The instructions to determine that a user is under duress may
comprise instructions that, when executed by the processor, cause
the key device to detect a user interface interaction by the key
device.
The instructions to generate the duress signal may comprise
instructions that, when executed by the processor, cause the key
device to set a duress indicator in an access control message.
According to a third aspect, it is provided a computer program for
supporting duress signalling. The computer program comprises
computer program code which, when run on a key device causes the
key device to: determine that a user is under duress; enter a wait
state after the computer program code is run to determine that a
user is under duress; exit the wait state and establish a
communication channel with a lock device, the communication channel
being intended to be used for access control signalling; generate a
duress signal; and transmit, over the communication channel, the
duress signal to the lock device.
According to a fourth aspect, it is provided a computer program
product comprising a computer program according to the third aspect
and a computer readable means on which the computer program is
stored.
According to a fifth aspect, it is provided a method performed by a
lock device for supporting duress signalling. The method comprises
the steps of: establishing a communication channel with a key
device, the communication channel being intended to be used for
access control signalling; receiving, over the communication
channel, a duress signal from the lock device; and performing a
duress action.
The duress action may comprise transmitting a duress signal to an
external server, without triggering an audible alarm.

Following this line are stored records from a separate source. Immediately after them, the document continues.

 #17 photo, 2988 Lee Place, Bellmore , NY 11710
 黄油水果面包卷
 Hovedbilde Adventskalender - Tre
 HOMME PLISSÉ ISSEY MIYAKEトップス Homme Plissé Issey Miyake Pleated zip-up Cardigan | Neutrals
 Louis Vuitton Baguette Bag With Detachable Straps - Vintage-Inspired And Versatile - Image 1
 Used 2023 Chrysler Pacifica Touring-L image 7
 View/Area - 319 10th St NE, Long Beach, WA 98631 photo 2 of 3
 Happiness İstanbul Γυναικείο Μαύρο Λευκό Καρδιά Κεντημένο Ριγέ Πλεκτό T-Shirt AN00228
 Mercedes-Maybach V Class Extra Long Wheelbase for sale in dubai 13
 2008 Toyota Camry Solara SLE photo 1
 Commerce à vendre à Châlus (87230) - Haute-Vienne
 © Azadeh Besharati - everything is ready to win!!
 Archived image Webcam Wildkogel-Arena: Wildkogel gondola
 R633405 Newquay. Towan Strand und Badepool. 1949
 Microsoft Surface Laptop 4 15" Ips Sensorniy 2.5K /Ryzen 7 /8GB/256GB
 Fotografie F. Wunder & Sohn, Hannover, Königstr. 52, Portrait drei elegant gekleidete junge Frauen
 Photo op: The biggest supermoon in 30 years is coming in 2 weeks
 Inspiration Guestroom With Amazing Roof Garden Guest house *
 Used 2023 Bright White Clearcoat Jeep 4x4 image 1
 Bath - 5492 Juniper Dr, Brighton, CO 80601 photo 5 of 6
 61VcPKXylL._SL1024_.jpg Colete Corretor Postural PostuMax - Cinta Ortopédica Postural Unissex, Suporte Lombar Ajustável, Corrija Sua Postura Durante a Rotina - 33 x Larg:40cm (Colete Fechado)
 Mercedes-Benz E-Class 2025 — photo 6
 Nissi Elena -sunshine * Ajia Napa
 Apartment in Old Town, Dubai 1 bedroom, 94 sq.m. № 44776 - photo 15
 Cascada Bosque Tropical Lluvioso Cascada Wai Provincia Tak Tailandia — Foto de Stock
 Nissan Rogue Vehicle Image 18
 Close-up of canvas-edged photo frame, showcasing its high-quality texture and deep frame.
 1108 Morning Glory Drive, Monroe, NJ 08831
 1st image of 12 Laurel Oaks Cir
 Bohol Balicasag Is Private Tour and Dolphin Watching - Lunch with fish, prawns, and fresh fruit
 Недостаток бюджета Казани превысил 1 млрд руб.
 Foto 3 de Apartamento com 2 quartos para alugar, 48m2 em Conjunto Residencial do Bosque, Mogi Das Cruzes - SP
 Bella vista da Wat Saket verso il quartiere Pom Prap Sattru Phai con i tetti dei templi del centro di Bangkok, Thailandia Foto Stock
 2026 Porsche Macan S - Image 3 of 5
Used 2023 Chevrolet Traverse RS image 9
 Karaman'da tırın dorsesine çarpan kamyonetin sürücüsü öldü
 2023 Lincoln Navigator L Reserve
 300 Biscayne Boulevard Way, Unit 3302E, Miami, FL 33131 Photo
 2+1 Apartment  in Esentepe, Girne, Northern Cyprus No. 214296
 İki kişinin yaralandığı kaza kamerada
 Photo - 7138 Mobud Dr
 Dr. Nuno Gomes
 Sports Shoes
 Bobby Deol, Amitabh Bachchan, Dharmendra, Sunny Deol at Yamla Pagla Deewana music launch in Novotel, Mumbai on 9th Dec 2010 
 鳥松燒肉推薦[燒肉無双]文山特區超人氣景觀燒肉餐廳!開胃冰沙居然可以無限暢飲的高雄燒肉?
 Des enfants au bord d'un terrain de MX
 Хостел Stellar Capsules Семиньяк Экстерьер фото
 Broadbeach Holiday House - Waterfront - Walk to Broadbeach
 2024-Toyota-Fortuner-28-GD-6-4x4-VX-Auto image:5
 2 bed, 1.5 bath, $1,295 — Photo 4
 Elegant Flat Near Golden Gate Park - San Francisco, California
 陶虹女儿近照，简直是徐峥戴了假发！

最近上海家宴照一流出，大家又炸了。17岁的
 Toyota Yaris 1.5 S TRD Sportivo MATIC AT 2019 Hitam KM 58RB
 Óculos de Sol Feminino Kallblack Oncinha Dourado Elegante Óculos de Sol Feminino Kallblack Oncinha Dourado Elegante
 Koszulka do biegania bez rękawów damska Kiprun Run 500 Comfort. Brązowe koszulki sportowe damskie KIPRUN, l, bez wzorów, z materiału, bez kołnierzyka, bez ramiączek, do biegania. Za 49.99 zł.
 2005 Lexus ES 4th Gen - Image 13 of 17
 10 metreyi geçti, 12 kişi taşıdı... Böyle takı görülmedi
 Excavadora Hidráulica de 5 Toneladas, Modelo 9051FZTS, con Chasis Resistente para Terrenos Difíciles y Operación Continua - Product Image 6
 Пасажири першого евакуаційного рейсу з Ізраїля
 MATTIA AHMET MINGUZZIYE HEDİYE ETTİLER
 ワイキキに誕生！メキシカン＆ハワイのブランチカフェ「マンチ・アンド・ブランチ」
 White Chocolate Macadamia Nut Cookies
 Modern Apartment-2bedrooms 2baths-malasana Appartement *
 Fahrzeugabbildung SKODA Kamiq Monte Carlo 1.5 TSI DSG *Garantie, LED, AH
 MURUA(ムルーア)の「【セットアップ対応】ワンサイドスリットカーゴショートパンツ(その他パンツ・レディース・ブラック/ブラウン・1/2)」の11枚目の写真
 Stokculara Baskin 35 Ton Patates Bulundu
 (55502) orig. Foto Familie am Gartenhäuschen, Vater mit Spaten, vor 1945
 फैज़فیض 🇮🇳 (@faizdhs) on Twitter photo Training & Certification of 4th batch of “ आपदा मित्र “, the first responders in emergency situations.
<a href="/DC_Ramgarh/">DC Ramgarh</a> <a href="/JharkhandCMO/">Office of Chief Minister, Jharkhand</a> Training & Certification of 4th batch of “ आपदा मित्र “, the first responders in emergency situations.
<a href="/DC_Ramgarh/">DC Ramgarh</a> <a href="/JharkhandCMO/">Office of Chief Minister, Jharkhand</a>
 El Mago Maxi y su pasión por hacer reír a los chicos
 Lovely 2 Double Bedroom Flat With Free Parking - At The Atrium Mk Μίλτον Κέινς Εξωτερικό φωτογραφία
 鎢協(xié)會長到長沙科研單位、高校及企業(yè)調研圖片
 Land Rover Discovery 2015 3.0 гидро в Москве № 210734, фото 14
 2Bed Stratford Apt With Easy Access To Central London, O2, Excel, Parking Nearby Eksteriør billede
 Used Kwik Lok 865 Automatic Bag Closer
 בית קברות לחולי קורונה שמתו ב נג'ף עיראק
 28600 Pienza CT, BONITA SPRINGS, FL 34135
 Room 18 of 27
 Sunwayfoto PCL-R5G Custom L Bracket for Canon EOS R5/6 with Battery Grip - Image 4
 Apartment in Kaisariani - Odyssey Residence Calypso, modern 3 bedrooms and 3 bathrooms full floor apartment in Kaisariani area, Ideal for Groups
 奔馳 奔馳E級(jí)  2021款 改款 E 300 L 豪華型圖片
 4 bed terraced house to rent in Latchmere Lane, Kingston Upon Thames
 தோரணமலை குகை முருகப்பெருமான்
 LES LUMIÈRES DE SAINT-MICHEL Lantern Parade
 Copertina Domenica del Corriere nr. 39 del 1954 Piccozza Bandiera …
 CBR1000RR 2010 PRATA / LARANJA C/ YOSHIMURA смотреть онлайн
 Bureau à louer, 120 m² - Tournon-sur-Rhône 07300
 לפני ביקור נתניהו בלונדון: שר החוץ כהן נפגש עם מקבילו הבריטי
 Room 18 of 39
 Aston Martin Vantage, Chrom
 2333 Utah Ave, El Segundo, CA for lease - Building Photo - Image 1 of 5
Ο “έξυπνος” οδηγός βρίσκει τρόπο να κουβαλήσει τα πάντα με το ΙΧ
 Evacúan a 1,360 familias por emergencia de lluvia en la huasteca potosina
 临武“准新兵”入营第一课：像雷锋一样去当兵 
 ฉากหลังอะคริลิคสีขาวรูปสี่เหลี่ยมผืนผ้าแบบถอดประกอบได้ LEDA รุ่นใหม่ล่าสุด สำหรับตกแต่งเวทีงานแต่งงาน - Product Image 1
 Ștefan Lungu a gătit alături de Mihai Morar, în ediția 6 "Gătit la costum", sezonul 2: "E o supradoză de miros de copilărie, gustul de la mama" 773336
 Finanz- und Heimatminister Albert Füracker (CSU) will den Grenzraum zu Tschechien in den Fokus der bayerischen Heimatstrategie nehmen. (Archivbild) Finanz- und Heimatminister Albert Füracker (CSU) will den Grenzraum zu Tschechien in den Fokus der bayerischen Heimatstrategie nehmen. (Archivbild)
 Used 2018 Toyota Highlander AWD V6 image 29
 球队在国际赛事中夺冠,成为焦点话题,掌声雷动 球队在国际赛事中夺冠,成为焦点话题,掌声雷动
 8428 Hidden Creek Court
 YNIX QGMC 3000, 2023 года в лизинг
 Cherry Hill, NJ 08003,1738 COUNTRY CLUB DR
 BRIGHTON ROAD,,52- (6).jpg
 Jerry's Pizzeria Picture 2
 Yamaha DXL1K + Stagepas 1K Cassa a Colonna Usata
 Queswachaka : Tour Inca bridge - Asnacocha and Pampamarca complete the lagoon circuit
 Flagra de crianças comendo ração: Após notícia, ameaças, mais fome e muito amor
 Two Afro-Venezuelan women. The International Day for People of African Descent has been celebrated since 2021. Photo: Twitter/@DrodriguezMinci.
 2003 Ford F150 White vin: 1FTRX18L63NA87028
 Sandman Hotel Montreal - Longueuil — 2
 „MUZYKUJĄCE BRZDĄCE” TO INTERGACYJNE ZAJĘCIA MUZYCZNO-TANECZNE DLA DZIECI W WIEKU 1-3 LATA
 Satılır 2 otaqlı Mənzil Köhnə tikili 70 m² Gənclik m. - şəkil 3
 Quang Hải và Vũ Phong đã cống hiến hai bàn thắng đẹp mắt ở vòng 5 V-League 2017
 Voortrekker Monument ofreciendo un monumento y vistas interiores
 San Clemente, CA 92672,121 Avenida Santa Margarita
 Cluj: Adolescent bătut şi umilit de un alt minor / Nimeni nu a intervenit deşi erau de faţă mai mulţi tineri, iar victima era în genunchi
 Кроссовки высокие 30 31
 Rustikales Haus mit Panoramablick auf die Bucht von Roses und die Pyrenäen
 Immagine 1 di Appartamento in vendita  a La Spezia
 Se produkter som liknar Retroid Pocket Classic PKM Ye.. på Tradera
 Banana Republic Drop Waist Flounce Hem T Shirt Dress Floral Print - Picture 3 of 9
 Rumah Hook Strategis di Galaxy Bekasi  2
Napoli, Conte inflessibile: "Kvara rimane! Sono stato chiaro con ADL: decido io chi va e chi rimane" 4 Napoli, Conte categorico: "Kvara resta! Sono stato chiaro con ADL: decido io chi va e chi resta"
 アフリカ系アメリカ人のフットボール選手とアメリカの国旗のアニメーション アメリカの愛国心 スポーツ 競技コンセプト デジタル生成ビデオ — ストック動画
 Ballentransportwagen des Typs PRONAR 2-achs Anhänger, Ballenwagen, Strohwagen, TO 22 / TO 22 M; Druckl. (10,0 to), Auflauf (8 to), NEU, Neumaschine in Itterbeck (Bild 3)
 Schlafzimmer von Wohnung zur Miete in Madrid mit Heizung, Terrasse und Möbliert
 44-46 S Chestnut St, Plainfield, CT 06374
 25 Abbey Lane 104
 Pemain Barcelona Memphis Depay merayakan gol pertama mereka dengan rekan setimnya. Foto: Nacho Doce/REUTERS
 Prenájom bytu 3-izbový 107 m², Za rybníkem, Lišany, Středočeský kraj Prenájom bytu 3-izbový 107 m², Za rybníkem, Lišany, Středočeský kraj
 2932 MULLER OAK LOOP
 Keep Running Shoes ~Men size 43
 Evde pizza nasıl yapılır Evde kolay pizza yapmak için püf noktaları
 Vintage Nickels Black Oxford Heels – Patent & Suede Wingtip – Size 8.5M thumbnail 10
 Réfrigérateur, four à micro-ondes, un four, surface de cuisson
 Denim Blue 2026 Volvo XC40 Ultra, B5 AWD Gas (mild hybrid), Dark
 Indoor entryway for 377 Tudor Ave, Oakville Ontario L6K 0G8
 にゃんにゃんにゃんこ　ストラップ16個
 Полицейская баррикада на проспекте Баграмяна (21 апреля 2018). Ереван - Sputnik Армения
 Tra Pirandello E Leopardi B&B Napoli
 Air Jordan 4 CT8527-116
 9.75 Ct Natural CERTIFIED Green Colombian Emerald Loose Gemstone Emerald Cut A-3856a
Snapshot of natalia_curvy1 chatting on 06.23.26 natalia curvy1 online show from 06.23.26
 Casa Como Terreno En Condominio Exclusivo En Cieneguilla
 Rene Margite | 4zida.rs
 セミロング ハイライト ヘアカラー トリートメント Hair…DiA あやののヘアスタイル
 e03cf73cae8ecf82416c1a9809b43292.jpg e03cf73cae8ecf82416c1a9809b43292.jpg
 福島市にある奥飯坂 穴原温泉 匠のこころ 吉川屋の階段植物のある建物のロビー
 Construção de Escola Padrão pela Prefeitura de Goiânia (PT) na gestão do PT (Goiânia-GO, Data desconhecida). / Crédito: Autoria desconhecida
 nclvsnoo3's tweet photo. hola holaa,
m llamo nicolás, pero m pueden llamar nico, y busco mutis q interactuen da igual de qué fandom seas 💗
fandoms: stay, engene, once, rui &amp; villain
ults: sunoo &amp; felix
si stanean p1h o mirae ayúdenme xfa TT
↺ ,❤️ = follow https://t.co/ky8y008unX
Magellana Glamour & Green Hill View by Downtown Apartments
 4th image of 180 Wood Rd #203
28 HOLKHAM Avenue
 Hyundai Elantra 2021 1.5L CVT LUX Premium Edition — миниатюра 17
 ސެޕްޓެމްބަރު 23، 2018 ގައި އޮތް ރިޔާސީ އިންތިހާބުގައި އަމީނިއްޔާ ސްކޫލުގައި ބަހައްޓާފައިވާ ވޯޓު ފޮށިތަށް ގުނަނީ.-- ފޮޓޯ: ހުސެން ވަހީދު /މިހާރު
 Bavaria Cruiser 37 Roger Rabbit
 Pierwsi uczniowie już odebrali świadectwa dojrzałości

According to a sixth aspect, it is provided a lock device for
supporting duress signalling, the lock device comprising: a
processor; and a memory storing instructions that, when executed by
the processor, cause the lock device to: establish a communication
channel with a key device, the communication channel being intended
to be used for access control signalling; receive, over the
communication channel, a duress signal from the lock device; and
perform a duress action.
The instructions to perform a duress action may comprise
instructions that, when executed by the processor, cause the lock
device to transmit a duress signal to an external server, without
triggering an audible alarm.
According to a seventh aspect, it is provided a computer program
for supporting duress signalling, the computer program comprising
computer program code which, when run on a lock device causes the
lock device to: establish a communication channel with a key
device, the communication channel being intended to be used for
access control signalling; receive, over the communication channel,
a duress signal from the lock device; and perform a duress
action.
According to an eighth aspect, it is provided a computer program
product comprising a computer program according to the seventh
aspect and a computer readable means on which the computer program
is stored.
Generally, all terms used in the claims are to be interpreted
according to their ordinary meaning in the technical field, unless
explicitly defined otherwise herein. All references to "a/an/the
element, apparatus, component, means, step, etc." are to be
interpreted openly as referring to at least one instance of the
element, apparatus, component, means, step, etc., unless explicitly
stated otherwise. The steps of any method disclosed herein do not
have to be performed in the exact order disclosed, unless
explicitly stated.
BRIEF DESCRIPTION OF THE DRAWINGS
The invention is now described, by way of example, with reference
to the accompanying drawings, in which:
FIG. 1 is a schematic diagram showing an environment in which
embodiments presented herein can be applied;
FIG. 2 is a flow chart illustrating embodiments of methods for
supporting duress signalling, performed in the key device of FIG.
1;
FIG. 3 is a flow chart illustrating embodiments of methods for
supporting duress signalling, performed in the lock device of FIG.
1;
FIG. 4 is a schematic diagram illustrating components of the lock
device and the key device of FIG. 1;
FIG. 5 shows one example of a computer program product 90
comprising computer readable means;
FIG. 6 is a schematic diagram illustrating units of the key device
of FIG. 1 according to one embodiment; and
FIG. 7 is a schematic diagram illustrating units of the lock device
of FIG. 1 according to one embodiment.
DETAILED DESCRIPTION
The invention will now be described more fully hereinafter with
reference to the accompanying drawings, in which certain
embodiments of the invention are shown. This invention may,
however, be embodied in many different forms and should not be
construed as limited to the embodiments set forth herein; rather,
these embodiments are provided by way of example so that this
disclosure will be thorough and complete, and will fully convey the
scope of the invention to those skilled in the art. Like numbers
refer to like elements throughout the description.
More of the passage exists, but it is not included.